Apart from Ronan’s impressive acting, this film was just so visually stunning.
Ronan takes walks along a gorgeous Scottish coastline, picking up different types of seaweed to study. It’s extremely aesthetically pleasing to watch. I really loved how this film captures the idea of integrating nature and the role reconnecting, our place in it, can have in healing mind, body, and soul. Sometimes, we need a reminder that we are part of something bigger. The seaweed seems to take on more meaning as the film progresses. Rona develops a near obsession with it.
Yet, at the same time, nature is brutal teacher. Though Ronan goes to the moody Scottish island to escape the pressures of society and the temptations to relapse, the rugged, lonely, island almost feels like an externalization of Ronan’s inner turmoil. Gray. Uneasy. Battered. It’s a landscape that doesn’t romanticize Ronan’s inner demons.
The film is also full of beautiful, nature-driven symbolism.
In one particularly poignant scene, Rona delivers a lamb on the farm, which symbolizes her rebirth and start on a new life path. It’s a powerful moment that parallels Rona’s own rebirth.
Fun fact: Saoirse actually delivered the lamb herself!
This movie emphasizes how nature has the power to recenter and renew ourselves into something bigger and more meaningful. In that way, it empowers us to drive our own stories.
Personally, I’m a big fan of “set as a plot device” in films. Besides the visual appeal, the scenery and weather seem to mirror what Ronan’s character is going through. The Outrun illustrates how nature can be both a peaceful escape and a challenging force all at once.
The film’s most powerful takeaway is can’t just go into nature and expect something out of it. It takes patience for it to answer our most existential questions. The patience required to get to that point are a lesson in and of itself. By surrendering to its wisdom and power, the answers will come.

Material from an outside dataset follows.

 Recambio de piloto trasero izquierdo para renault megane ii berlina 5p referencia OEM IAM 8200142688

In a beautiful and hopeful final scene, Rona stands on the rugged Scottish coastline where waves crash. She puts her hands out, pretending to “conduct” the ocean’s waves. The scene is a poignant reminder that its never too late to take control.
Going back to the rural Scottish countryside set the framework for the main character realize she’s part of something much bigger.

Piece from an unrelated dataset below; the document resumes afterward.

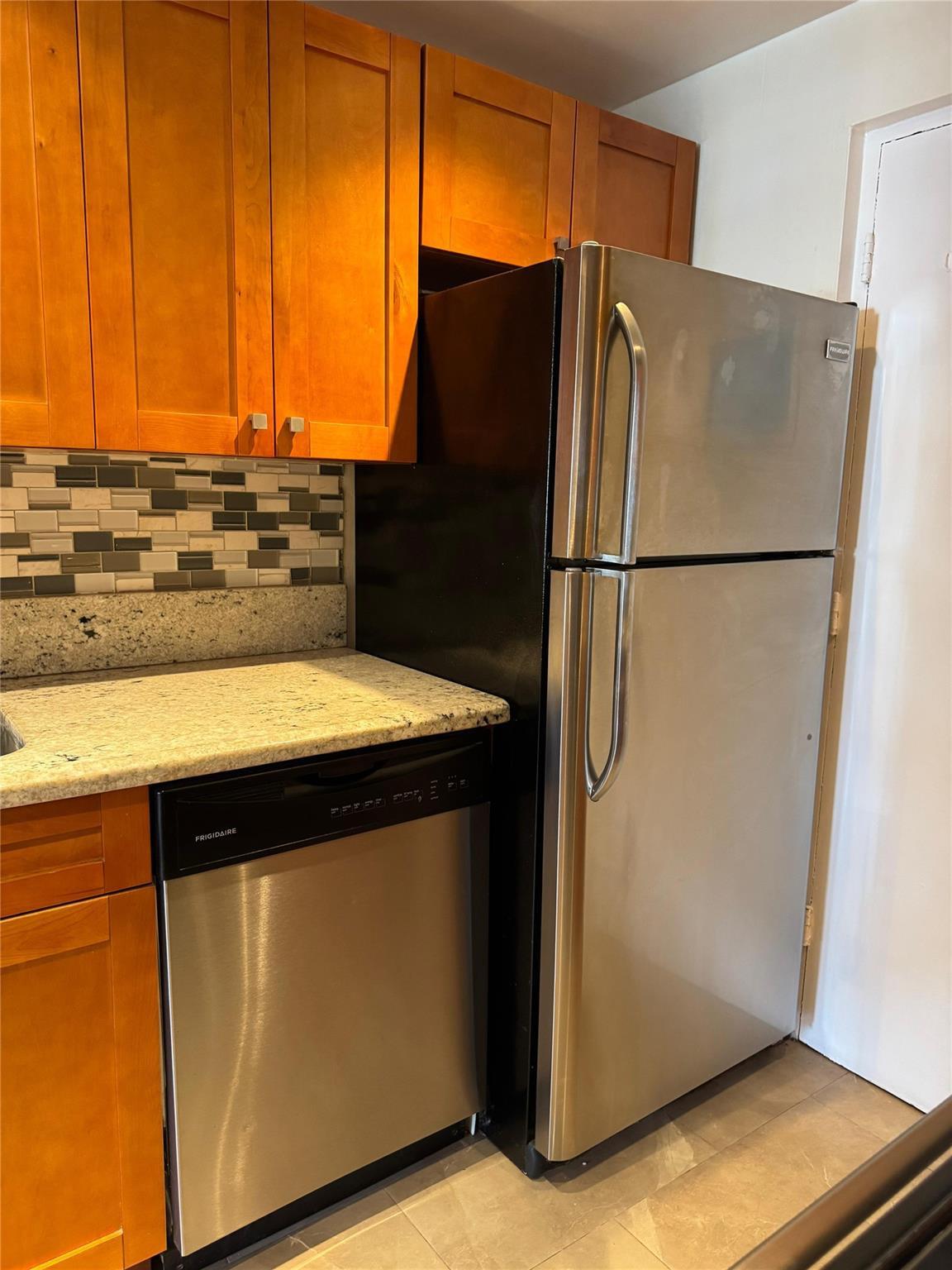 1407 NE 56th Street 201, Fort Lauderdale, FL 33334, Fort Lauderdale - Photo 5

And this newfound sense of belonging makes her more resilient, leading her toward a more meaningful and fulfilling life.
The film is based on a true story of the book’s author, Amy Liptrot. In March 2023, Liptrot posted to her Instagram that she was 12 years sober.
“Spring equinox. Twelve years sober today,” Liptrot captions the post. “I truly have a life beyond the wildest imaginings of when I entered that treatment centre 12 years ago, a life far beyond my deepest hopes when I was even 2 or 3 or 4 years sober…So this is my annual earnest post to say I know, I have experienced, that change is possible. If you feel that alcohol is taking more from you than you’re getting from it, another way can be possible – can be so beautiful – even if it’s hard to see right now.”
I’m not the only one who found this movie compelling: The film has nabbed a 82% rating on Rotten Tomatoes.
And personally, I think it’s a sleeper.